А х** его знает, можете вы или нет. Захожу к Торбину. «Алексей, к нам едут, нас не спрашивая, и телеканалы, и печатные СМИ, и радио. Надо выходить и каждые полчаса или 15 минут давать комментарий. «Надо так надо. Будем давать комментарии», – говорит собранный Алексей (закалка юриста). Я вот сейчас пытаюсь вспомнить, о чем говорил Алексей в СМИ – и хоть убей не помню ни слова. Помню только, что четко. Стояла машина телеканала «Мир» (кажется) со спутниковой антенной, кто-то притащил свет.
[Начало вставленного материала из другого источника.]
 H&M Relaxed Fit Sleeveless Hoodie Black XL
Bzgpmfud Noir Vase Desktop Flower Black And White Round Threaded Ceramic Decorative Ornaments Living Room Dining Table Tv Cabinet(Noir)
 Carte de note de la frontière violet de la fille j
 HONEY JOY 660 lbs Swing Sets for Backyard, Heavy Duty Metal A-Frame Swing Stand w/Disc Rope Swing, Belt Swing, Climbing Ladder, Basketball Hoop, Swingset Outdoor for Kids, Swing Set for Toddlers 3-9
Российские каналы и ОНТ выходили два раза с обновленными комментариями. Меня же начало отпускать позже всех. Я просто стоял у турникетов у входа в офис, смотрел на рыдающую навзрыд коллегу, на глаза «на мокром месте» водителя Коли Дрозда, чей сын окончил ярославский хоккейный интернат и теоретически мог быть в том самолете. Но оказался в самолете его друг Сергей Остапчук. На Ананьева, своей характерной речью раздававшего свои указания по мемориалу. И понимал, что от стресса я тупею на глазах. Может, поэтому я сегодня помню гораздо меньше о том дне, чем мог бы.
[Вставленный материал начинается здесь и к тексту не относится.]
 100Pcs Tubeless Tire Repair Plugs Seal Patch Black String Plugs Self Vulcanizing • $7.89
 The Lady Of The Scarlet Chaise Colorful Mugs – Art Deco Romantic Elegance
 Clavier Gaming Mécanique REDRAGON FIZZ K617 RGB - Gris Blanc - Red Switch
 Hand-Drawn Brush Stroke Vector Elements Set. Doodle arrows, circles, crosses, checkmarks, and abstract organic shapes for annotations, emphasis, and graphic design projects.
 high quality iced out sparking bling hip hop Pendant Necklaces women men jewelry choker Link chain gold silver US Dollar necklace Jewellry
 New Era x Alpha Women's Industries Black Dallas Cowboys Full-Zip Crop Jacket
Журналисты разъехались. Да, нам больше нечего добавить. Да, по нашей информации Руслан летел в этом самолете. Нет, у нас нет информации, что он выжил. Да, самолет. Нет, Руслан. Да. Нет.

И тут идет звонок. «Ваня, ну ты помнишь меня, ну вспоминай. Слушай. А вы программки напечатали? Я готов выкупить весь тираж».

Думаешь: бл***, программки. Остановить программки. Звонишь менеджеру типографии.

Темнеет. Сентябрь же, вот и лето закончилось. Садишься за комп. В офисе почти никого. В голове шум. Пролистываешь фото и видео с места событий. Версии случившегося. И ни одной мысли в голове. Просто будто бы вьющийся черный шар в воздухе.

А назавтра придет важный перец с самого верха и начнет готовить реквием. Администратора Васильича начнут гонять: ищи свечи, ищи ленту. Ананьев начнет прогуливаться. Собак начнут запускать по зданию – понятно, что нас ждет приезд известно кого. Репетиции реквиема. Нам скажут: вы сейчас здесь ничего не решаете. Ну раз не решаешь, ты выйдешь к скамейкам у офиса, сядешь и просто будешь смотреть, как приходят болельщики и кладут гвоздики. Динамовские болельщики – главные в Беларуси хранители памяти о тех событиях. Годы идут, но они приезжают в Туношну и кладут цветы от чистого сердца.